A woman paying respect to the late Salman Taseer.

Just eight hours before his assassination, Salman Taseer tweeted the following couplet by the Urdu poet, Shakeel Badayuni, ‘My resolve is so strong that I do not fear the flames from without, I fear only the radiance of the flowers, that it might burn my garden down.

A lot of people have either been told to keep quiet or are keeping quiet about what’s happening. If ‘they’ went after the late Salman Taseer, then what’s to say they won’t come after you next?

Frankly who are we in the grand scheme of things? And if we can make no significant difference to any of this, why say anything at all? Because no matter what we believe in – there is someone we all have to answer to if only ourselves.
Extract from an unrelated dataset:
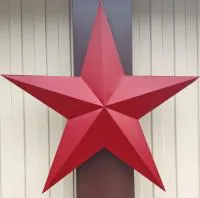 Красная звезда декор на стену в Покрове (518432)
My self is afraid for my Muslim brothers and sisters, for my Christian brothers and sisters, for my Jewish brothers and sisters, for my Hindu brothers and sisters, for my Buddhist brothers and sisters, for my brothers and sisters of all faiths or no faith, all colours or no colour and of all creeds. I am afraid for all of humanity. I am afraid of what people; everywhere keeping their mouths shut means for people, everywhere.

Pakistan is not the only country operating certain laws but it will be among the countries where such a law is used to settle petty squabbles and among the countries where will be allowed to happen. For all of us who are trying to understand the political and societal agendas behind implementing such drastic measures – we can theorise all we want.

Who are we trying to kid? We’re no closer to the truth than we are to the end of time. There is no way we are ever going to know. I’m not out to find out the truth – but I’m keeping quiet while Pakistan is about to have it’s very own Nuremburg, Palestine, segregation, apartheid or genocide is not something I feel comfortable living with.

These were all catastrophic world events where people on the basis of faith, colour or creed were stripped, denaturalized and denied civil and human rights. The penal codes may have been from different times, for different reasons and in different languages – but the meaning and result has always been the same. The people pushing for the what’s happening in Pakistan today are no different to Hitler or the Klu Klux Klan or settlers in West Bank or the perpetrators of the apartheid. For those of you who think this doesn’t affect you, do not get too complacent, it’s a short cry between you and someone who is.

For those of you who are comfortable, who brush off my flowery words, I am after all just another writer, ask yourself this – imagine if Nelson Mandela, just another man had stayed quiet, if Martin Luther King just another person had not had the courage to dream or if ordinary people hadn’t united against Nazi Germany? We all know there is some higher order and I’ll be lucky if this article changes even one person’s mind that steadfastly believes that what is happening is right – let alone changing Pakistan or the world but it might inspire the next person who’s going to challenge that order and our divided nation.

Being true to myself means writing this – I can’t live with myself in this godforsaken world if I don’t. If you are content staying out of all this then by all means do or if your peace is behind rose tinted glasses I don’t want to disturb you.

There is a thorn in all our sides that we can’t deny – look at the victims long enough and we’ll become them too. I don’t want anyone to die – nor do I want there to be anymore martyrs but death is as certain as birth and a certainty even stronger and more binding than that is dying for nothing and dying for something.